15. The ld. DR submitted that as per the registered Sale Deed, the cost of acquisition is only Rs.36,05,000 which has been correctly considered by the AO. The ld. DR also submitted that the amount paid by the assessee to the assignment holders through an unregistered document is done to avoid payment of stamp duty and there is no acquisition of any title by the assessee through unregistered deed. It is submitted by the ld. DR that the amount paid through Assignment Agreement cannot be considered as cost of acquisition. The ld. DR therefore supported the cost of acquisition considered by the lower authorities.

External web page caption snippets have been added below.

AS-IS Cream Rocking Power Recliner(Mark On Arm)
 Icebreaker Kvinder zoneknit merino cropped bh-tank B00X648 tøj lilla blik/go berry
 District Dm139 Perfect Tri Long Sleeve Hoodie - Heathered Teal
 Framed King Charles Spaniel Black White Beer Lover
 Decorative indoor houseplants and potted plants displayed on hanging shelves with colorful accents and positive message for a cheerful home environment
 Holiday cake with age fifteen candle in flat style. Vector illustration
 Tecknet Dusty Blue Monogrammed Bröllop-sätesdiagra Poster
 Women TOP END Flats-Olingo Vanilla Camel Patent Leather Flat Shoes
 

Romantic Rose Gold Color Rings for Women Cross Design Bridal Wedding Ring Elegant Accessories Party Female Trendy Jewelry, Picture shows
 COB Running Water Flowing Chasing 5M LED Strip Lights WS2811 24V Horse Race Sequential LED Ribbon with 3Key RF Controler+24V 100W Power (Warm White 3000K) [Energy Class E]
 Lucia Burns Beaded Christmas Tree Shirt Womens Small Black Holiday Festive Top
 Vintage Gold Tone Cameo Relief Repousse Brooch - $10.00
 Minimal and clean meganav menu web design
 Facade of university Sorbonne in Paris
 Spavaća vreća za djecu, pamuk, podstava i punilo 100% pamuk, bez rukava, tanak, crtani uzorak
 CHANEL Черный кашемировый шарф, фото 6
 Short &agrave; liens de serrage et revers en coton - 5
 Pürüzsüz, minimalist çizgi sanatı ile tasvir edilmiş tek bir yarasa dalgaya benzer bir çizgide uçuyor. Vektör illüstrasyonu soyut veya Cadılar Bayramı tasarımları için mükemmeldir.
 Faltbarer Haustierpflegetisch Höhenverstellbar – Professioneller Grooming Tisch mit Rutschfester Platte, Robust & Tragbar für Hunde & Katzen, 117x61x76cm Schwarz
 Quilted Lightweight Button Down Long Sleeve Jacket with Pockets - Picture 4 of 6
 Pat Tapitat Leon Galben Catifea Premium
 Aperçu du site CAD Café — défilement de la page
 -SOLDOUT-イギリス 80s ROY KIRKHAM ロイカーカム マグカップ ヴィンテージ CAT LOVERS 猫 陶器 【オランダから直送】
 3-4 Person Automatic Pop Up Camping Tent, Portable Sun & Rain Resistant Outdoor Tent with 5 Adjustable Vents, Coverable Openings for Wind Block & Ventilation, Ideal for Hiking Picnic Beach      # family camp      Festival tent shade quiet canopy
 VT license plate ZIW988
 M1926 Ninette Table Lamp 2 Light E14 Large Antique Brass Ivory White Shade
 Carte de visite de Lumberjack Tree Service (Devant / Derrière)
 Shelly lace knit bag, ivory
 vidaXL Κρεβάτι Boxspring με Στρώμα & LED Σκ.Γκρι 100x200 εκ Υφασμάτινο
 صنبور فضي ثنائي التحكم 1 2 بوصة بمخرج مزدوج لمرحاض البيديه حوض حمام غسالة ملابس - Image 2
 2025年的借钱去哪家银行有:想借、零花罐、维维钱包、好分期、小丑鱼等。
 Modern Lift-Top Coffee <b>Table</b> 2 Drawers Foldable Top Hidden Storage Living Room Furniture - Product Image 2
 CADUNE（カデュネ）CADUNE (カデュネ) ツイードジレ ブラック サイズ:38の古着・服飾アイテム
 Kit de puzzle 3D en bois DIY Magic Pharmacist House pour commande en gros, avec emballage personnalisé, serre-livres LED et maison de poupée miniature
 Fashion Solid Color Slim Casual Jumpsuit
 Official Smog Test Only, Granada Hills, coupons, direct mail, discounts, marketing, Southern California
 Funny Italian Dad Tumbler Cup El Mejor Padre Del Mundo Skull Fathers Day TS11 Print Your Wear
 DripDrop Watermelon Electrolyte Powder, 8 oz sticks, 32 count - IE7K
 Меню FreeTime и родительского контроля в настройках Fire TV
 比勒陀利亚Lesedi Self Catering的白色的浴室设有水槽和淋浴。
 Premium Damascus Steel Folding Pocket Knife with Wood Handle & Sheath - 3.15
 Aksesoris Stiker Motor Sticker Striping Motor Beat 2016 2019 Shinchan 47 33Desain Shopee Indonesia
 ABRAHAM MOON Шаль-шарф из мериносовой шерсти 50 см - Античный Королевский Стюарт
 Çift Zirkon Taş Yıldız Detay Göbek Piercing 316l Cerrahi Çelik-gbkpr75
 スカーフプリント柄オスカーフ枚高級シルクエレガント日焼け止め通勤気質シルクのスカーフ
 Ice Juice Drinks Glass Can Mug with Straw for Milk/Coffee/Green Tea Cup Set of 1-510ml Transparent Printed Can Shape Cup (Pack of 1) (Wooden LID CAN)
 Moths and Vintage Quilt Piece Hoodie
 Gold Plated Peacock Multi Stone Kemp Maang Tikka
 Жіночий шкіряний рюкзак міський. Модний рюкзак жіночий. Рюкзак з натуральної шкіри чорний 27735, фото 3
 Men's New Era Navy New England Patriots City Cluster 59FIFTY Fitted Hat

16. We have heard the rival submissions and perused the material on record. From the perusal of the breakup of the cost acquisition extracted in the earlier part of this order and the assignment agreement it is noticed that the assessee has considered a sum of Rs.49,44,000 paid to the assignment holders as per the assignment agreement dated 01.10.2007 as cost of acquisition. It is also noticed that the assessee has paid Rs.5,98,160 towards covered car park charges, corpus deposit, etc. and also a sum of Rs. 1,54,500 as assignment fee to L&T. From these facts, it is clear that the actual outflow in the hands of the assessee towards acquisition of the property includes the said amounts and is an undisputed fact as admitted by the AO in his order that the assessee has paid the above-mentioned amount through proper banking channels as mentioned in the Assignment Agreement. Therefore we see merit in the argument that merely for the reason that the assignment agreement is not registered, the actual outflow from the hands of the assessee towards acquisition of the property cannot be ignored for computing the capital gains. It is further noticed that the assessee has claimed several items towards cost of improvement for which bills and invoices were submitted before the AO. However, the breakup of the amount considered by the AO as of acquisition i.e.Rs.40,94,980 is not available on record and the reference given in the assessment order as para 5 & 6 also does not provide any clarity on how this amount is arrived at. In view of this discussion we remit the issue back to the AO for arriving at the cost of acquisition with proper breakup. The AO while doing so is directed to consider the actual amount paid by the assessee as per the Assignment Agreement including amounts paid to L&T and stamp duty based on evidences / supporting documents submitted in this regard. The AO is also directed to verify the bills and documents with regard to cost incurred towards brokerage of Rs.1,55,000, interiors, painting etc., and consider these amounts for the purpose of arriving at the capital gains in accordance with law. Needless to say that the assessee may be given an opportunity of being heard.

17. In the result, the appeal is allowed for statistical purposes.

Pronounced in the open court on this 28th day of October, 2022.